The pandemic’s effect on e-commerce has been profound and new data from Adobe confirms it—U.S. consumers spent $1.7 trillion online during the two years of the pandemic. In the two-year period prior to Covid, Americas spent more than $600 billion less. And online shoppers are not pausing. In 2022 alone, Adobe expects online spending to reach $1 trillion.
As Covid restrictions bound people to their homes in the first year of the pandemic, people’s shopping habits changed significantly. Leading the way, according to Patrick Brown, a vice president at Adobe, are new e-commerce categories like grocery. Even as the effects of the pandemic wane, more people are buying their groceries online.
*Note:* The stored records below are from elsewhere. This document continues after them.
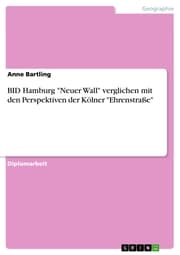 Cover von BID Hamburg 'Neuer Wall' verglichen mit den Perspektiven der Kölner 'Ehrenstraße'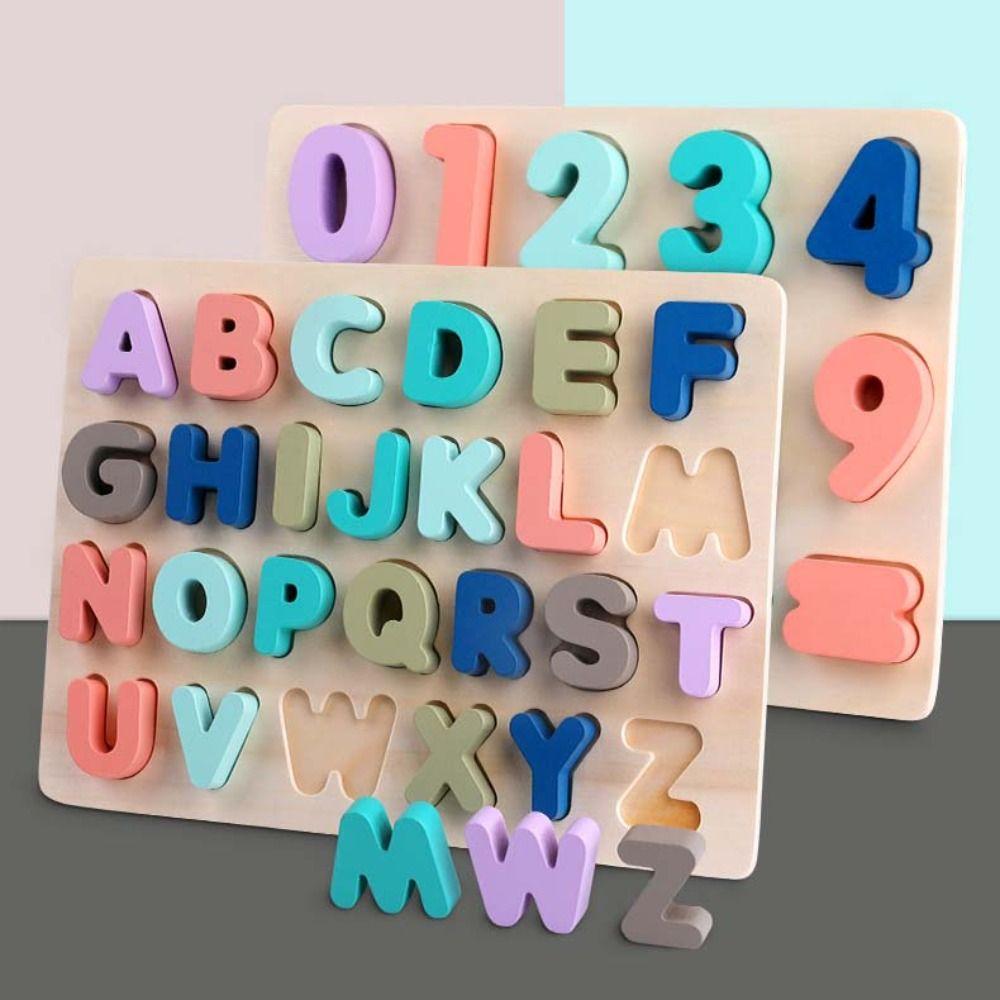 Early Education Alphabet Number Puzzle Matching Games Kids Puzzle Toys Birthday Gift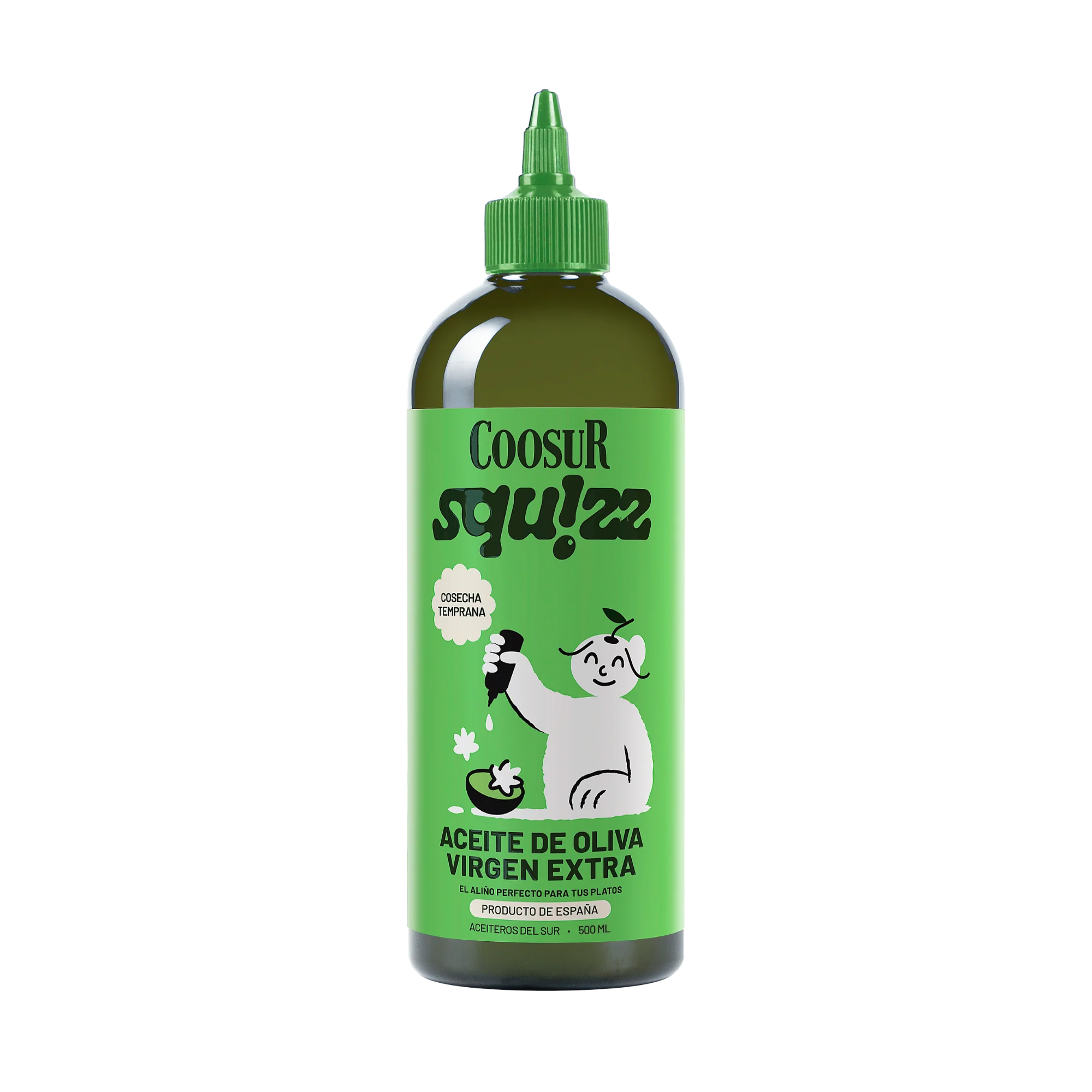 Aceite de Oliva Virgen Extra Cosecha temprana Coosur SQUIZZ 500ml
“E-commerce is being reshaped by grocery shopping, a category with minimal discounting compared to legacy categories like electronics and apparel,” Brown said in a statement. “It highlights a shift in the digital economy, where speed and convenience are becoming just as important as cost savings.”
Electronics, clothing and now groceries, which together account for nearly 42 percent of online spending in the U.S., are driving e-commerce. The Adobe analysis found grocery spending online doubled in 2020 and became a habit for many consumers. Electronics remains the biggest single category, accounting for $165 billion in e-commerce sales in 2021. Digital sales of clothing grew slower in 2021, but still totaled $126 billion.